**** Provided records

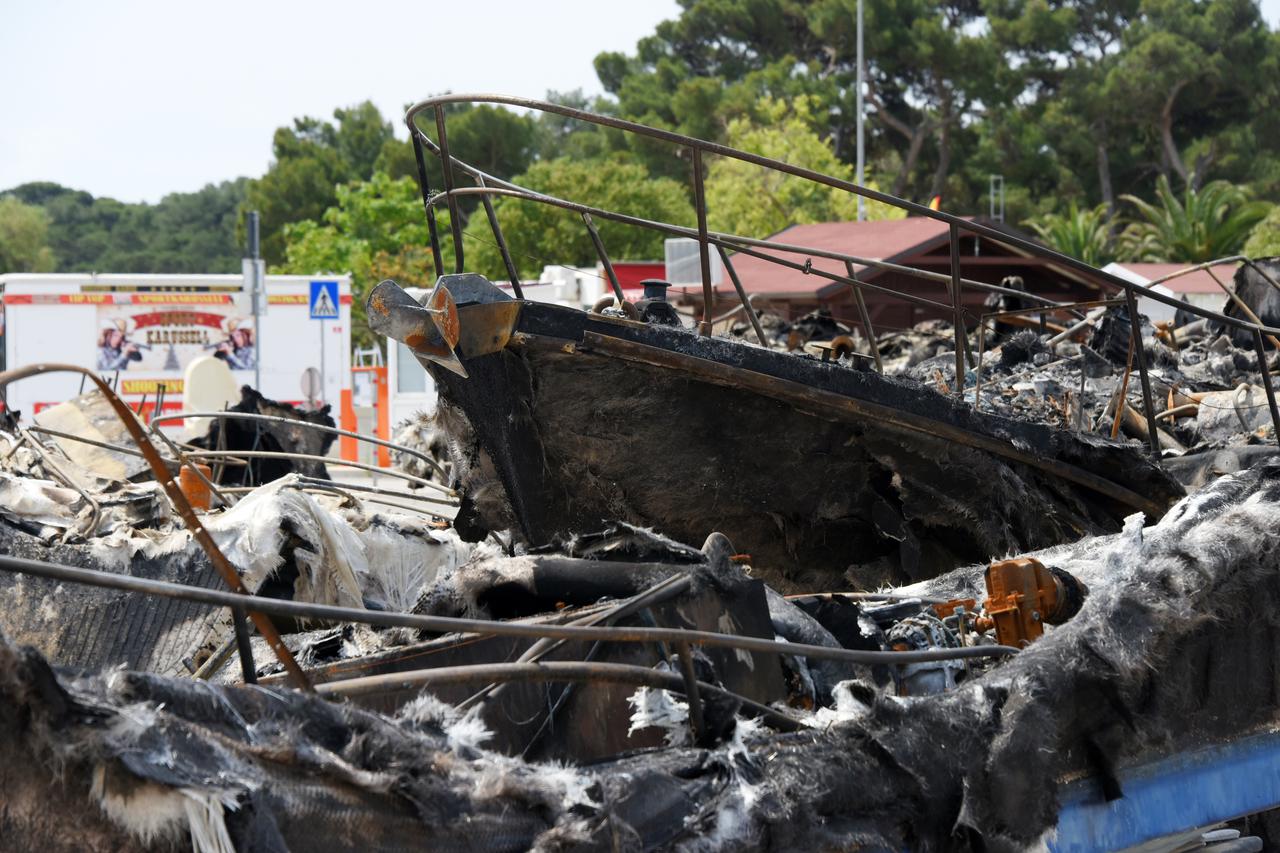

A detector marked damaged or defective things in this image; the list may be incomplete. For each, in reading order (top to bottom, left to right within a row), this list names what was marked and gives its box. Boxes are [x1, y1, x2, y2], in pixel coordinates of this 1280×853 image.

rusty steel rod [0, 361, 312, 686]
burned boat hull [376, 275, 1177, 589]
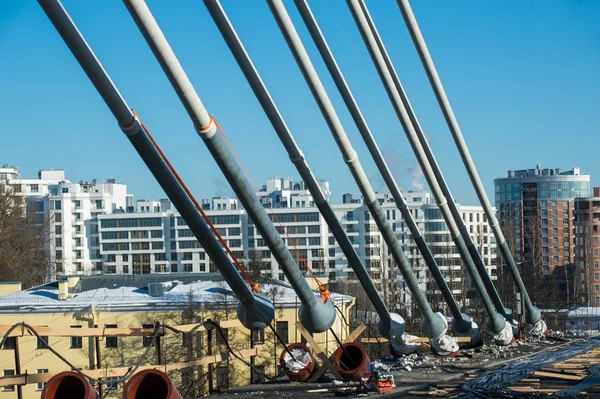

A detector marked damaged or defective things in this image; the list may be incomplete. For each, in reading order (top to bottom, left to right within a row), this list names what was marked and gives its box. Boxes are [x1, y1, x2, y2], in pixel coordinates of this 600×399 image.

rusty metal pipe [280, 342, 316, 382]
rusty metal pipe [330, 342, 368, 382]
rusty metal pipe [41, 372, 99, 399]
rusty metal pipe [124, 370, 183, 398]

********

■ **Problem to work on**: Could the entries above be returned verbatim, with no pictures included?

■ **Exercise result**:
A detector marked damaged or defective things in this image; the list may be incomplete. For each, in reading order (top to bottom, left to right within a row), this list names what was marked and gives its box. Boxes are [x1, y1, x2, y2], in pixel coordinates of this 1280×853 image.

rusty steel rod [0, 361, 312, 686]
burned boat hull [376, 275, 1177, 589]

A detector marked damaged or defective things in this image; the list may be incomplete. For each, in reading order (top to bottom, left to right within a row), this list names what was marked and gives its box. Boxes are [x1, y1, x2, y2], in pixel coordinates of this 600×399 image.

rusty metal pipe [280, 342, 316, 382]
rusty metal pipe [330, 342, 368, 382]
rusty metal pipe [41, 372, 99, 399]
rusty metal pipe [124, 370, 183, 398]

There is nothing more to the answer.